Probability entropy. Under the same initial water content, the probability entropy of the loess shows a gradual decrease from Shanzhou to Xingyang. This observation suggests a progressive increase in pore orderliness and a more stable arrangement distribution.

(3)

Porosity distribution fractal dimension. The fractal dimension of pore distribution in loess across the four regions remains largely consistent with that observed in the natural state, albeit with minor variations. The lower fractal dimension values in Xingyang and Gongyi indicate a more concentrated distribution of soil particles, suggestive of a condensed state.

(4)

Pore area ratio. The pore area ratio of loess in each region manifests a gradual decrease both before and after soaking and collapsibility, implying a corresponding increase in the area ratio occupied by particles. Xingyang loess displays the smallest pore area ratio, both before and after soaking compared to other regions, further supporting the notion of its denser soil structure.

(5)

The aforementioned data analysis suggests that while the consistency of loess water content does influence soil microstructure to a certain degree, the quantitative microstructural parameters nonetheless exhibit consistent patterns of change. Notably, the variation trends observed in loess from different regions under natural water content conditions are largely similar. This finding underscores the multifaceted nature of the factors governing loess collapsibility and provides further insight into the increased collapsibility of Shanzhou loess compared to the other three regions under identical initial water content conditions.

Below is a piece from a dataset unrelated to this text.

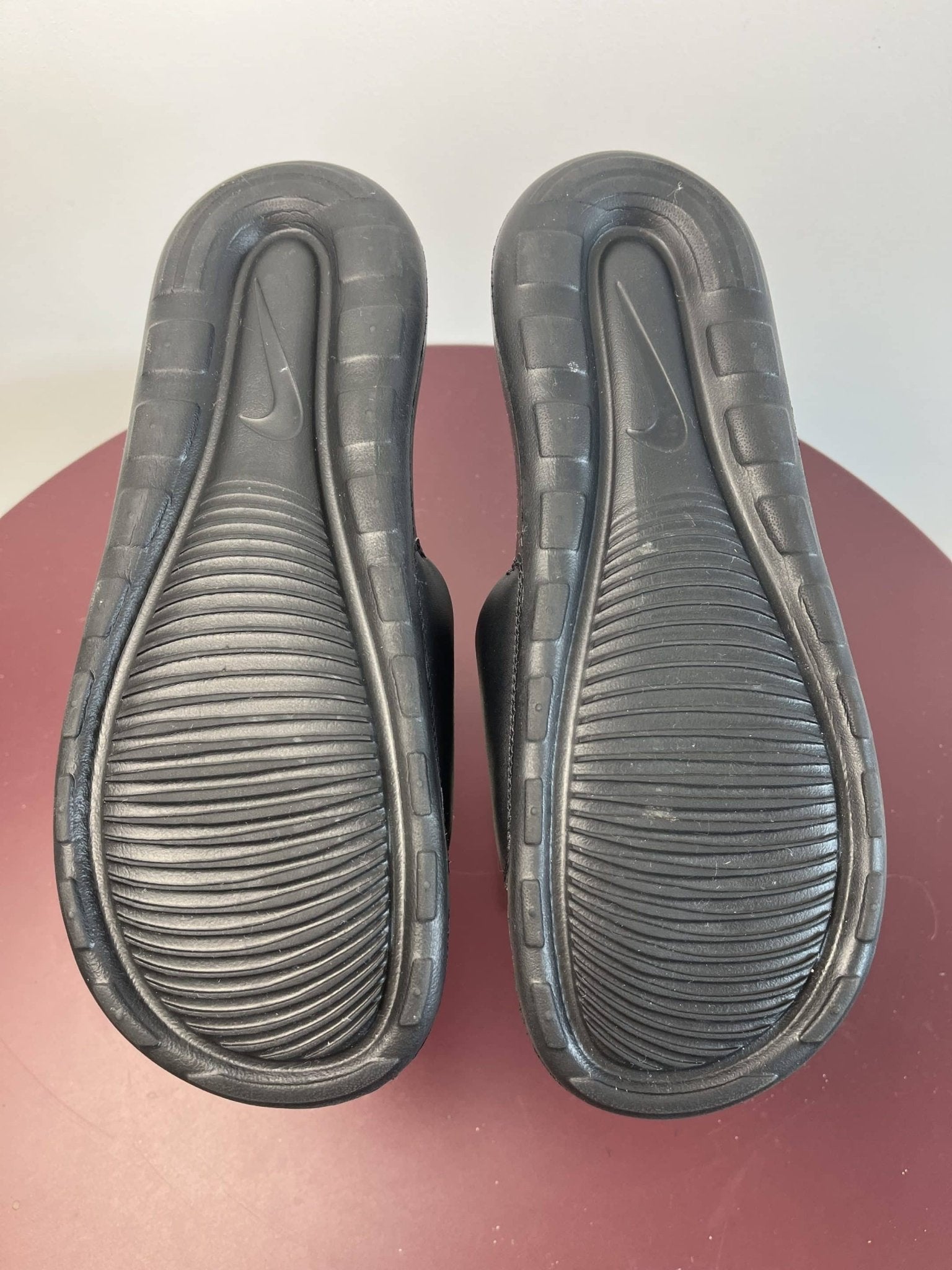 Nike Black Sliders - kitround kitround product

The relationship between the collapsibility coefficient of loess and the quantitative parameters of microstructure in different regions under the same initial moisture content is shown in the Figure 13. It is found that there is a certain linear relationship between the four quantitative parameters and loess collapsibility. It is basically consistent with the variation law of loess collapsibility under natural water content. The correlation coefficients R² of average form factor and probability entropy are 0.921 and 0.938, respectively. The correlation coefficient R² of the fractal dimension of porosity distribution and the proportion of pore area are 0.936 and 0.955, respectively. The influence of pore area ratio on loess collapsibility is still the strongest. This is basically consistent with the conclusion of the relationship between pore area and collapsibility studied by Gao and Fang.

3. Conclusions

This study employed a combination of indoor confined compression tests, scanning electron microscopy (SEM) imaging, and PCAS software (http://matdem.com/index.asp?lg=cn) to analyze the microstructure of the loess samples before and after collapse. The investigation revealed the following key insights into the microstructure and collapsibility mechanisms of Malan loess in different regions of western Henan Province:

(1)

Loess collapsibility in western Henan manifests a decreasing trend from west to east. Shanzhou loess possesses the highest collapsibility among the four regions, with a collapsibility coefficient of approximately 0.15, classifying it as a strongly collapsible loess. Conversely, Xingyang and Gongyi loess demonstrate weaker collapsibility, with a coefficient of around 0.05, indicative of medium collapsibility.

(2)

The initial water content of soil samples significantly affects loess collapsibility. A negative correlation is observed between the initial water content and the collapsibility coefficient across the four regions. This implies that the collapsibility gradually diminishes with increasing initial water content, and saturated loess does not exhibit collapse behavior. Even when the initial water content is consistent across the four sampling sites, variations in loess collapsibility persist, and the observed trends remain largely consistent with those under natural water content conditions.

(3)

The intensity of collapsibility of Malan loess in different regions is affected by the interaction of microstructure and internal and external factors. The differences of the pore size, the arrangement of particles, the contact form between particles and the arrangement of pores in the Malan loess are the fundamental reasons for the difference in loess collapsibility in different regions. When there are large pores, overhead pores, point particle contact forms and unstable pore arrangement in Malan loess, the collapsibility will be higher than in other Malan loess.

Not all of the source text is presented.